Служба Богу в храме, собственно культ — это святая святых
конфессиональной практики. Богослужение мистично, иррационально и
консервативно. Поэтому в различных конфессиях богослужение дольше,
чем все другие области и виды религиозной деятельности, сохраняет
вероисповедные традиции в их первоначальном виде.
И все же десятки столетий, на протяжении которых развертывается
история религий, приводят к изменениям и в богослужебных ритуалах.
В том числе — к изменениям в языке культа.
В христианстве протестантизм в наибольшей мере допускает сближение
конфессионального и светского языков. Поэтому протестантское
богослужение всегда опиралось на народные языки.
В католических странах, притом, что с IX в. разрешалась храмовая
проповедь на народных языках и с XIV—XVI вв. распространяются
переводы Писания, богослужение еще долго велось на латыни (народные
языки звучали главным образом в проповеди, а в ряде стран также в
чтениях из Писания и молитвах). Второй Ватиканский собор
(1962—1965), провозгласив общий курс Аджорнаменто (итал.
aggiornamento — ‘осовременивание’), разрешил службу на народных
языках.
Вопрос о богослужении на русском языке горячо обсуждается и в
Русской Православной Церкви. О нем говорили еще в конце XIX в. На
церковном Соборе в 1917—1918 гг. 80% иерархов высказались за
русификацию богослужения — иначе (повторялись слова апостола Павла)
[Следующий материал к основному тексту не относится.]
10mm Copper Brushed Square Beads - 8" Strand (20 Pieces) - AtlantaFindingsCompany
«люди не назидаются». Дискуссия продолжалась до 1943 г., пока ее не
оборвало государство, запретив всякие попытки ввести русский язык в
богослужение. Атеистическую власть вполне устраивало, что народ
ничего не понимает в храме. После 1943 г. разговоры о богослужении
на русском языке сразу воспринимались как церковное диссидентство,
протестантизм и даже политическая неблагонадежность.
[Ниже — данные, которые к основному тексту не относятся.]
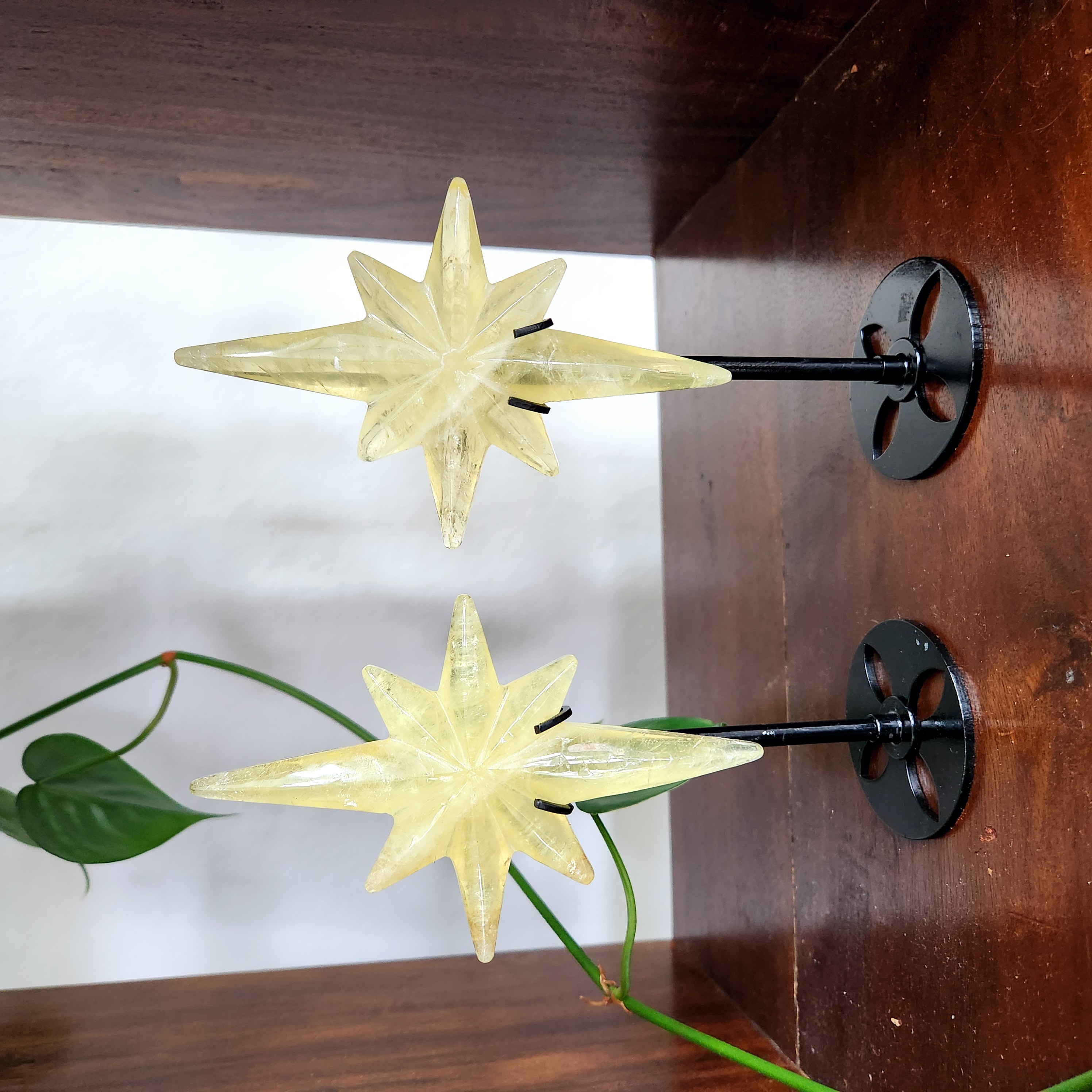Citrine Polaris Star on stand • Natural Citrine Polaris star • Crystal Starburst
После 1989 г. дискуссии возобновились. Появились и священники,
которые в своих приходах пробуют в какой‑то мере русифицировать
церковнославянский язык, звучащий в храме. Иногда это касается
чтений из Писания, реже — литургии.
Московский священник о. Георгий Кочетков вспоминал, что когда он
служил в церкви чтецом, то пробовал переводить некоторые места. И
вот какую он видел реакцию верующих: «И народ с радостью принимал,
хотя и не совсем понимал, что происходит и как, воспринимая это как
я с н о е ч т е н и е» (Кочетков, 1993).
* * *
Разные конфессии в разной мере допускают перевод текстов
религиозного канона на новые языки. Эти различия можно
констатировать; по‑видимому, их можно характеризовать в таких
терминах, как «традициональность», «степень адаптивности»,
«динамичность», «иррациональность», «мистичность»,
«рационалистичность» и т.п., но при этом важно исключить оценочные
и полемические суждения. В вопросах веры «рационализм» не лучше и
не хуже «мистики». То, в чем один человек видит «поразительный
консерватизм», другому покажется «надежной устойчивостью»,
«верностью своим корням, истокам». Любые «советы постороннего»
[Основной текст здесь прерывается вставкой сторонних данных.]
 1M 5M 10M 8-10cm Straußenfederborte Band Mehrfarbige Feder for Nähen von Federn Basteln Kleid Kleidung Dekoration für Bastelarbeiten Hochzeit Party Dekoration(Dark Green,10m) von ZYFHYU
(‘как им обустроить свою веру’) здесь были бы неуместны, а оценки —
неэтичны.
Как найти меру в «осовременивании» религиозной традиции? Что и как
переводить? Всегда ли не до конца ясное слово надо заменять
общеизвестным? Любые подобные вопросы — это внутреннее дело самих
конфессий как организаций верующих. Практика, которая использует
вероисповедание как рычаг в национально‑языковой или иной политике,
так же порочна, как и практика, для которой национально‑языковые
проблемы — только аргументы в религиозной пропаганде. «Итак,
отдавайте кесарево кесарю, а Божие Богу» (Мф 22, 21).